Tuesday, September 22, 2009

Borders Educator Appreciation Week

Borders Educator Appreciation Week runs September 29-October 7. Current and retired educators save 30% off the list price o purchases for personal or classroom use. Now you can buy all the graphic novels you want! Just bring proof of your educator status.

Some other Educator Appreciation Week events/specials:

  • Teacher Town Hall Meeting with networking, refreshments, and giveaways: Tuesday, September 29 at 7 p.m.
  • Where the Wild Things Are Wild Rumpus Teacher Celebration with activities, crafts, giveaways, and more for the whole family: Friday, October 2 at 6 p.m.
  • Borders Classroom Discount Card: Educators receive 25% off purchases for their classroom every day!
-who can save: Individual teachers, from preschool through high school, as well as school librarians and homeschool educators.
-how you benefit: Save 25% off the list price of books and music CDs and 10% off the list price of DVDs for professional use.
-how to get a card: Applications are available at all Borders stores, and signing up is completely free. You'll need to show proof of your educator status when you submit your application. Homeschool educators will need to document certification in states that require certification.

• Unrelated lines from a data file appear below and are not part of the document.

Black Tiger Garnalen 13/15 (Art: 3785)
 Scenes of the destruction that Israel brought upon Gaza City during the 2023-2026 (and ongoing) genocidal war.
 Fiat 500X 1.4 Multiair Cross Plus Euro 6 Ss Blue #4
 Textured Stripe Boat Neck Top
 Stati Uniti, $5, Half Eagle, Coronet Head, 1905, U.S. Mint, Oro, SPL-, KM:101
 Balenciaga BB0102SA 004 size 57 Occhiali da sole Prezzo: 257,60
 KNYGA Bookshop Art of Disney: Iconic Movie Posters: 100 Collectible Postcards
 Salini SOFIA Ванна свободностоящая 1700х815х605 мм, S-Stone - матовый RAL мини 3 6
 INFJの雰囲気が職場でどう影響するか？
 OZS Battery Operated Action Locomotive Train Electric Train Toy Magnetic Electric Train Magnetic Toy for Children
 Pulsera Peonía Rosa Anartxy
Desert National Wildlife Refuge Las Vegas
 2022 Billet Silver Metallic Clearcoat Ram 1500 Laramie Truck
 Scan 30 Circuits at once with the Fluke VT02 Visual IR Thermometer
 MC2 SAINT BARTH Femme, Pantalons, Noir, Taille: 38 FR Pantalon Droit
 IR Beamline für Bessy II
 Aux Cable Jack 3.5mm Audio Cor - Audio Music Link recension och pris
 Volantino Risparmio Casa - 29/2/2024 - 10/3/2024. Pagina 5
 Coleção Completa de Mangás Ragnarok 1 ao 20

Wednesday, September 16, 2009

Inatimate Alice


"Inanimate Alice" is an interactive, online narrative that "tells the story of Alice, a young girl growing up in the first half of the 21st century, and her imaginary digital friend, Brad." Alice's life spans ten episodes, where readers see her grow from a child into a twenty-something animator/designer with a games company.

According to the website:

Because the level of interactivity starts out low in episode one, increasing with each subsequent episode in order to reflect Alice's own growing abilities, we've found that we can take an audience unfamiliar with multimedia fiction with us. Educators like "Inanimate Alice" because of this; students from primary to post-graduate level find the work engaging.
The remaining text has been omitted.